Plan would allow EU researchers to move more easily

THERE is over €10 billion a year available in the EU for researchers, but often the best and brightest find it easier to move to the US than stay in Europe.

Máire Geoghegan Quinn, the EU’s commissioner for research and innovation, wants to know why. With this in mind, she has launched some research of her own with a view to enticing people to work closer to home.

The potential is there for 3.7 million jobs and an €800bn boost to the EU’s GDP.

“This is the kind of growth and jobs we desperately need,” Ms Geoghegan Quinn said, adding that Europe faced an innovation emergency.

While many of the borders in the EU have been broken down, making it easier for tourists and workers to travel and find jobs in any of the 27 states, she said research and innovation are still locked behind national boundaries.

“It is unacceptable that it is often more attractive and easier for our top scientists to cross the Atlantic than to move across the EU.

“We want those involved in the research community to tell us what they need, so we can work to tear down what amounts to serious barriers to growth and jobs.”

The commissioner wants to create a borderless European research area by 2014 when the EU’s next research budget will come on stream.

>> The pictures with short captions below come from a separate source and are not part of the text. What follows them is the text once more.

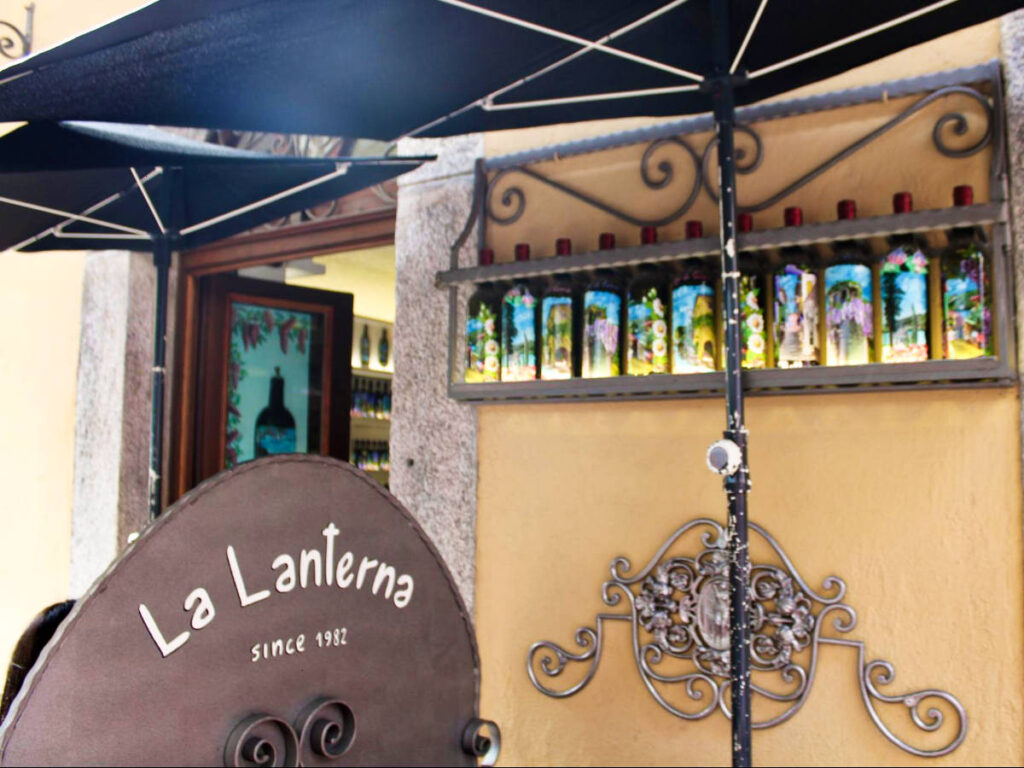 View of the La Lanterna signage in Bellagio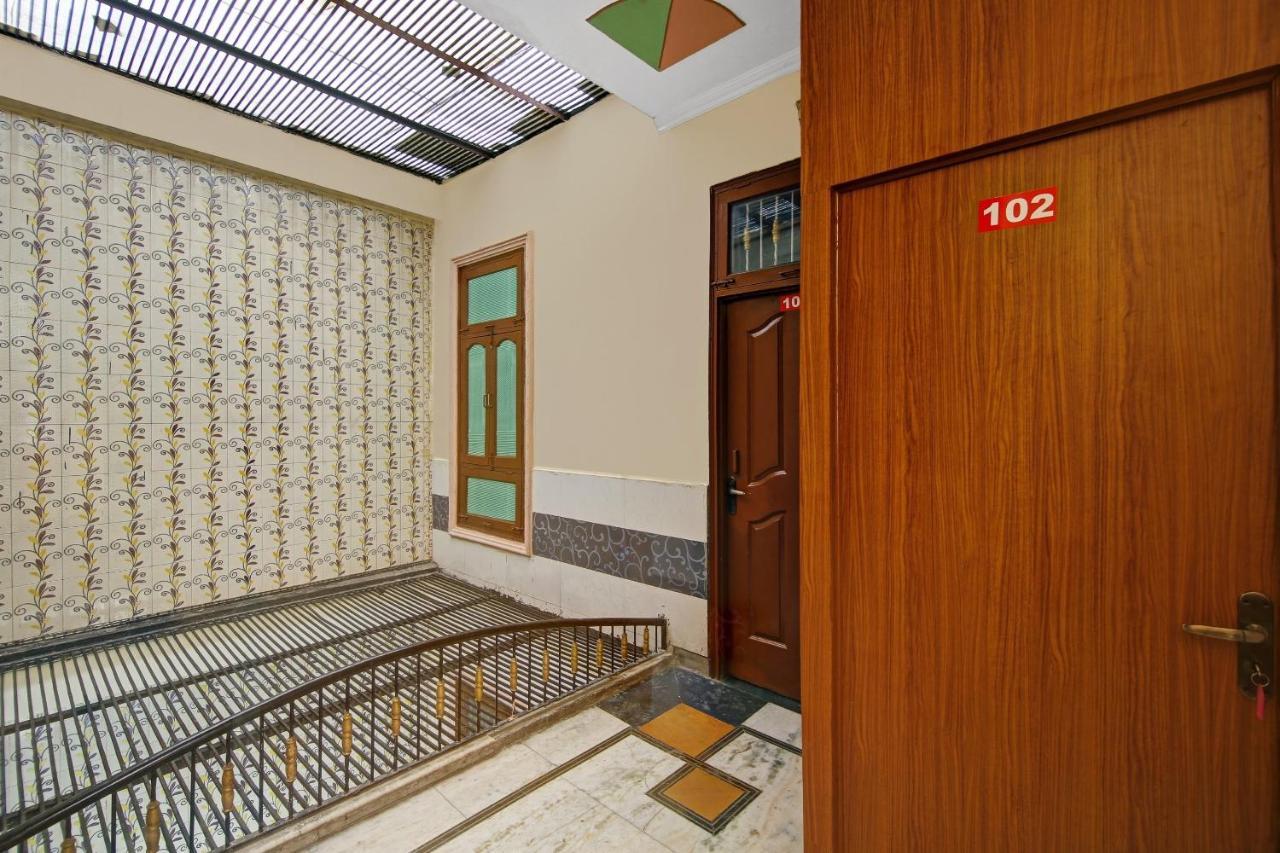 Oyo Galaxy Plaza Hotell Ghaziabad Exteriör bild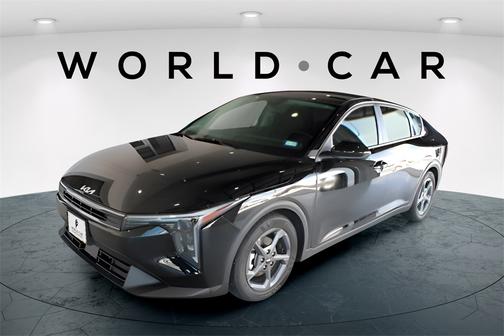 2025 Kia K4 LXS w/ Remote Start, Heated Mirrors,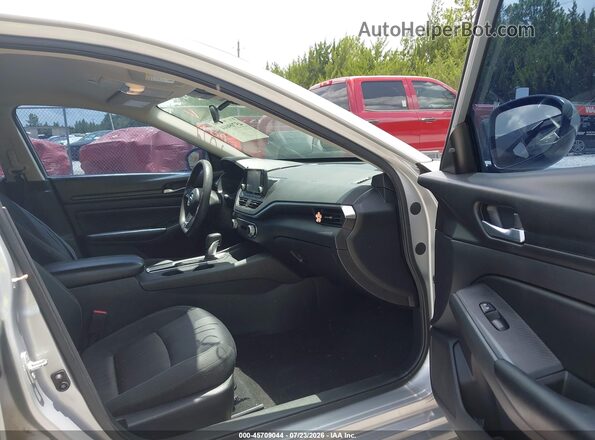 1N4BL4BV9MN318729 2021 NISSAN ALTIMA Silver Вид салону спереду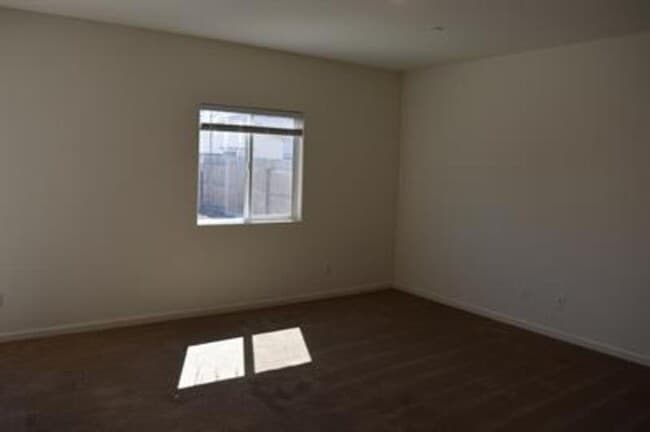 Building Photo - 4230 Freemark Ave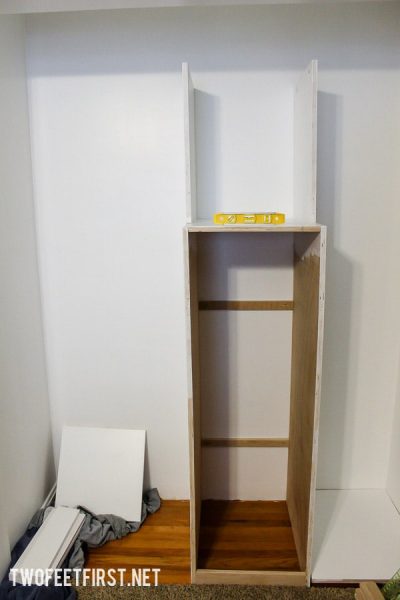 Build a closet system with drawers | DIY Closet Organizer
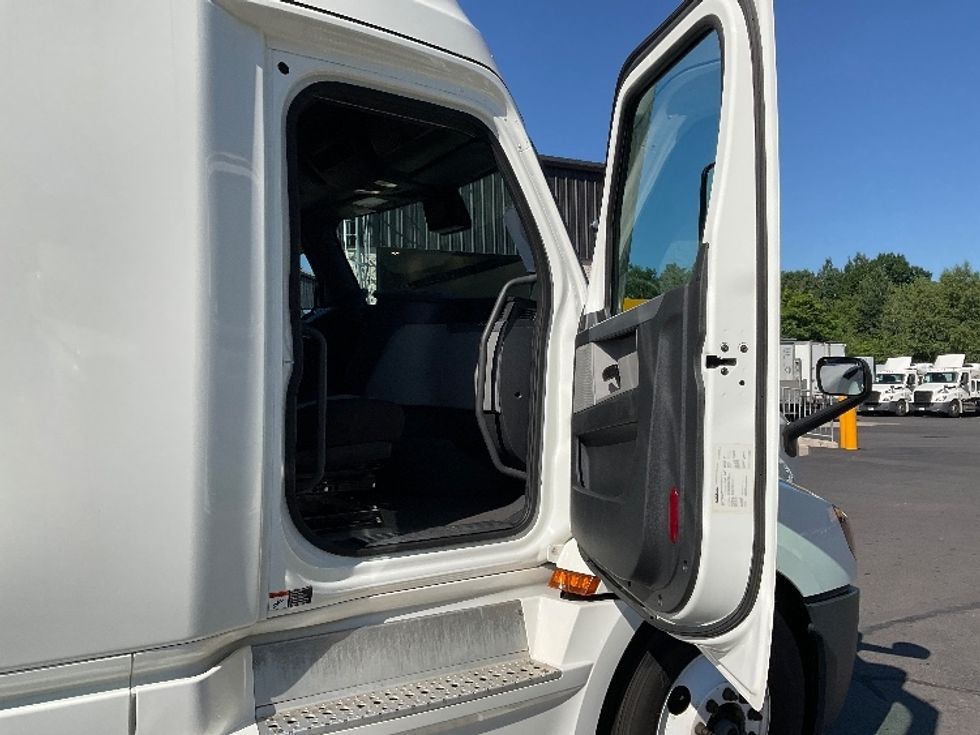 Sleeper Tractor-Heavy Duty Tractors-Freightliner-2022-T12664ST-Jessup-PA-197,852\n\t\tmiles-$ 100,250 - Image 13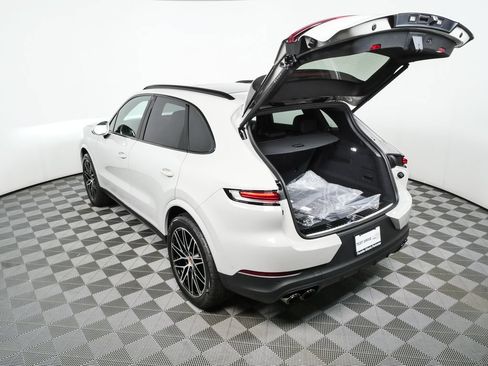 New 2026 Porsche Cayenne AWD/4WD image 33
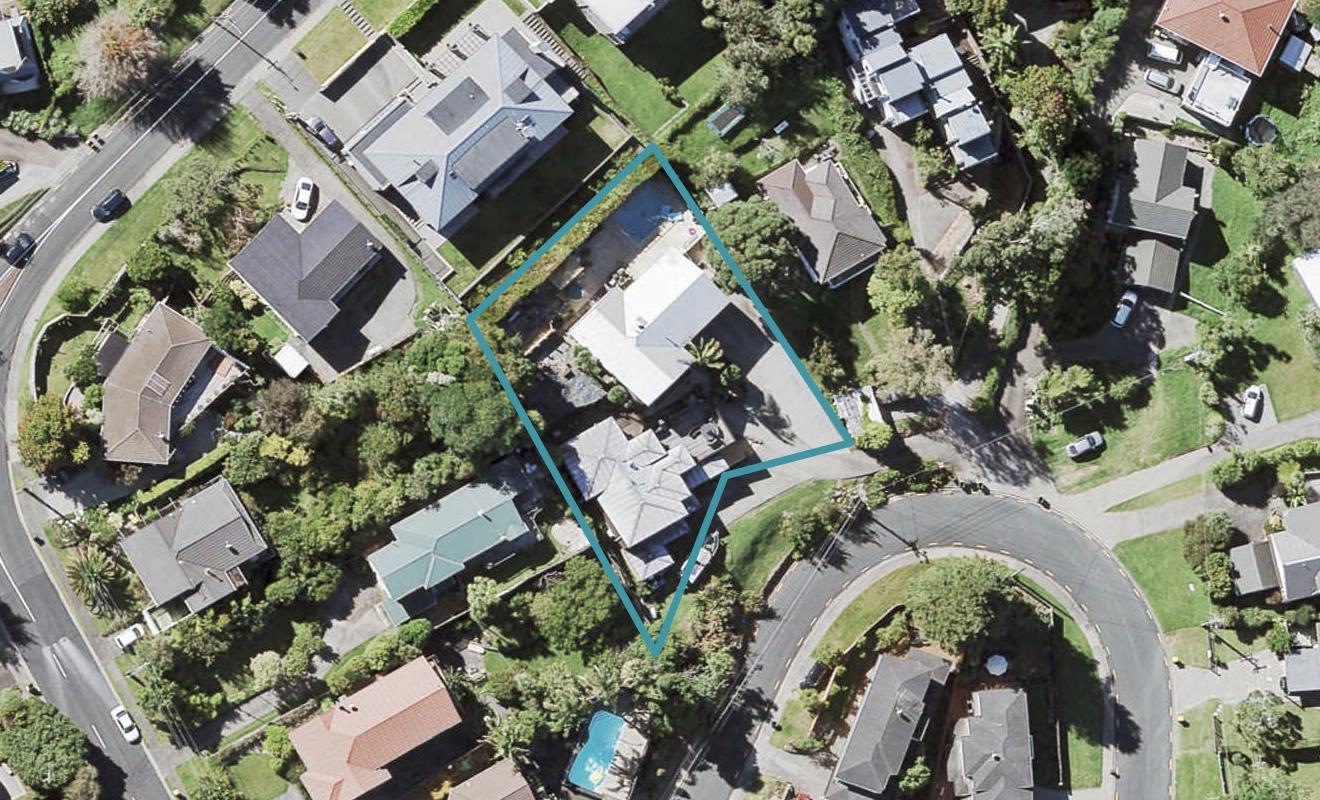 2/53 Seaton Road, Murrays Bay, Auckland - Carousel 1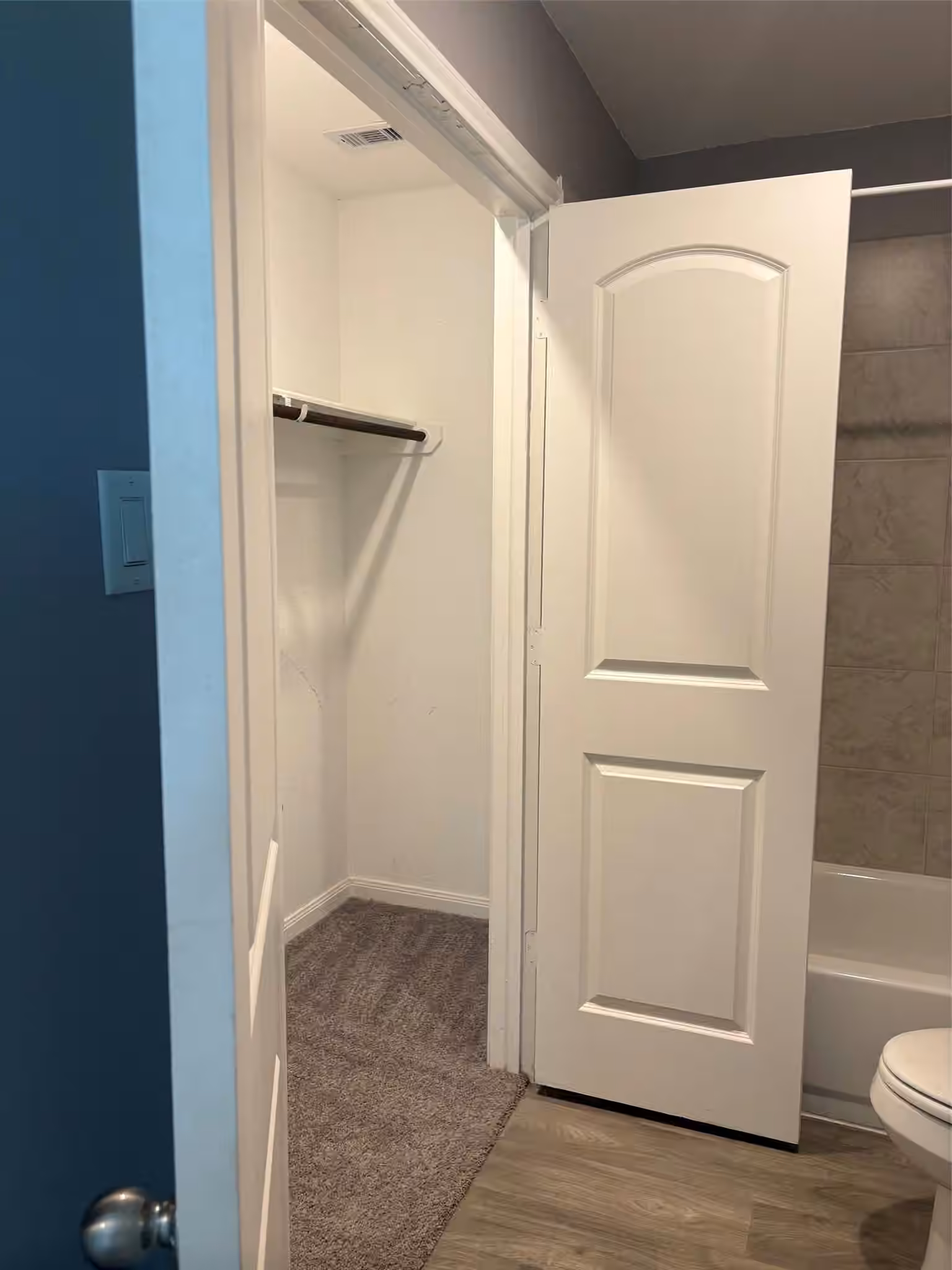 Photo 6 of 9822 Emerald Stone Way, Conroe, TX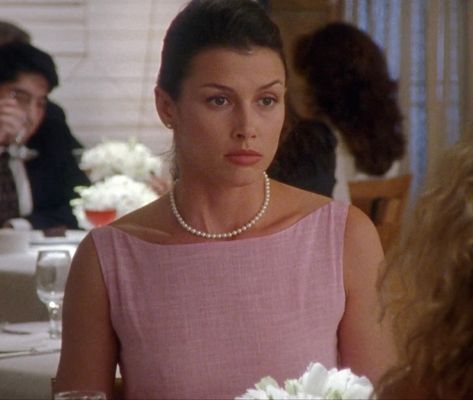 Bridget Moynahan 90s, Natasha Satc Aesthetic, Natasha Satc Style, Natasha Sexandthecity Style, Natasha Naginsky, Bridget Moynahan, 80s And 90s Fashion, What Goes Around Comes Around, These Girls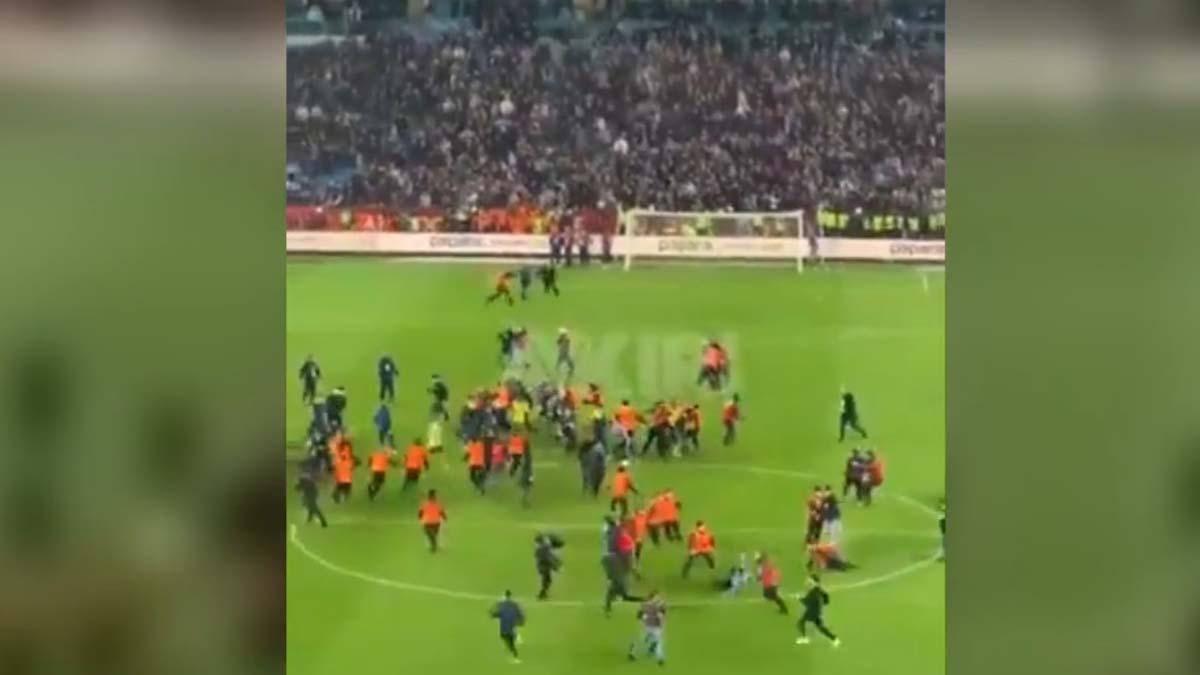 Enfrentamientos violentos entre aficionados del Trabzonspor y jugadores del Fenerbahçe
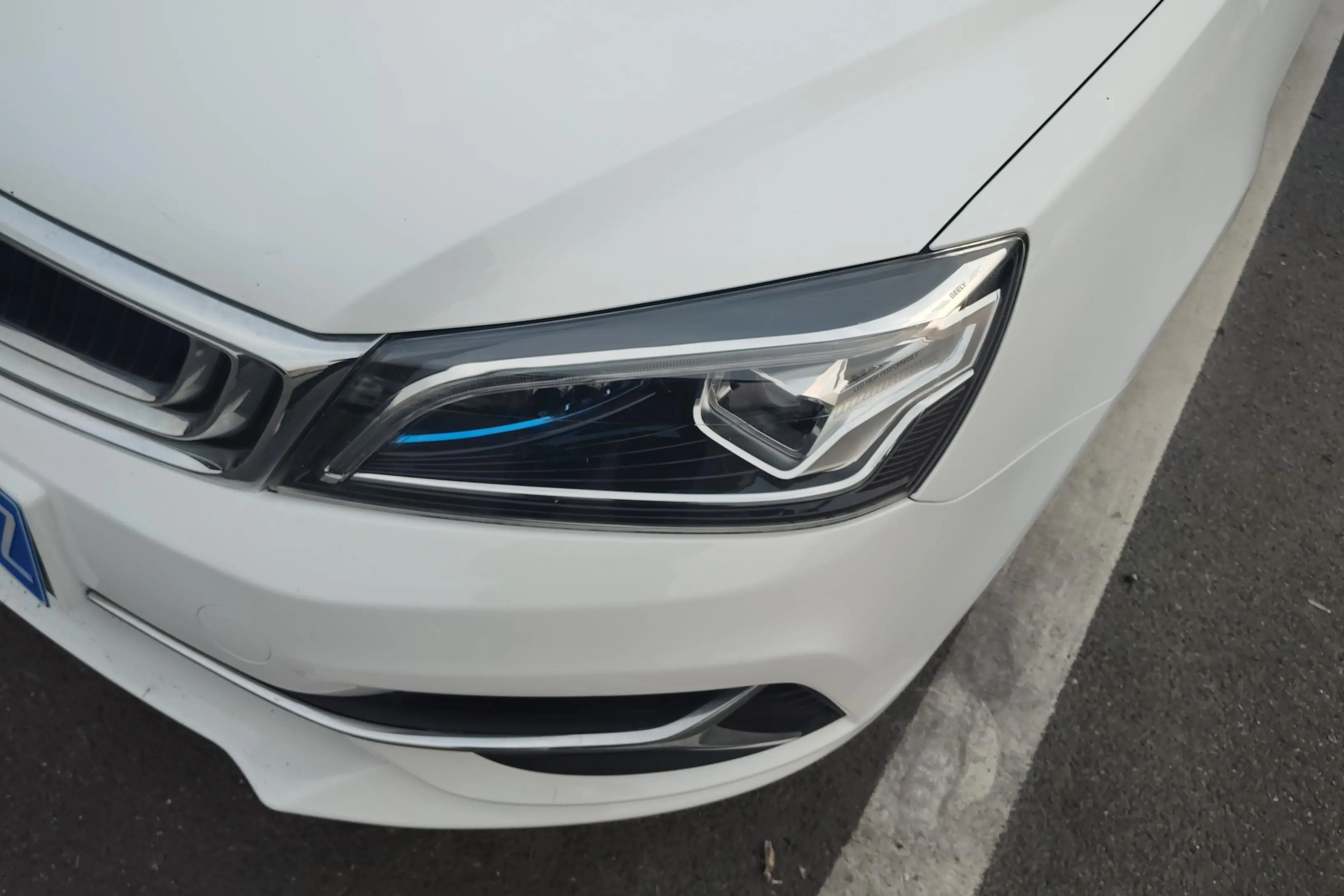 Geely Emgrand  из Китая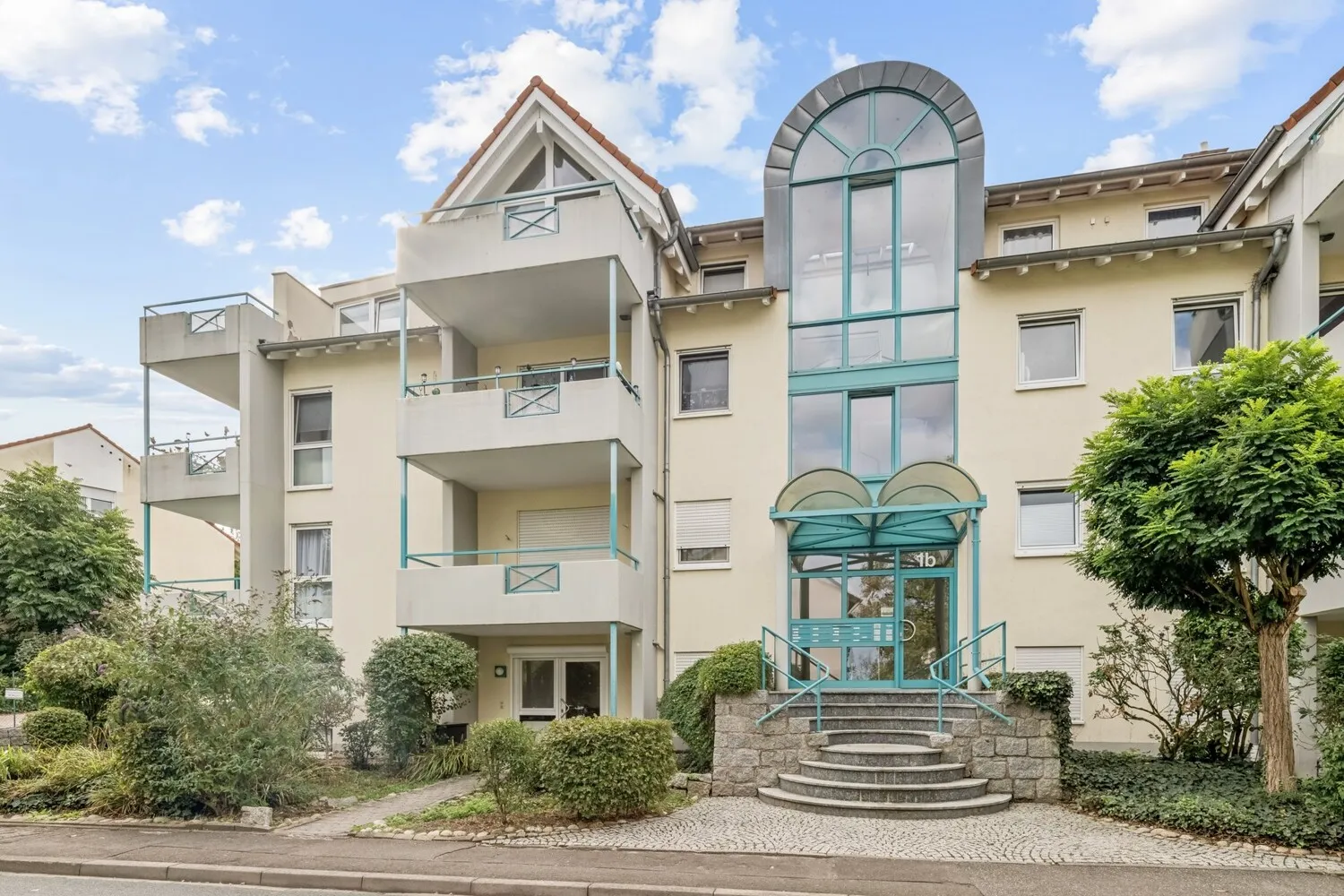 Gepflegtes Mehrfamilienhaus in ruhiger Wohnlage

It should mean it is easier not just for researchers to move around the EU but also to allow ideas to flow.

“We should have free circulation of researchers, students, scientists and university teaching staff. It should make it easier for a good researcher in a small university or research centre in one of Europe’s less developed regions to collaborate and co-operate with others across Europe on high-level research.”

The research area would play a major role in the EU’s future research strategy, for which the Commission hopes to have €80bn available for the years 2014 to 2020 — together with increased investment by member states and business amounting to 3% of the region’s GDP by 2020.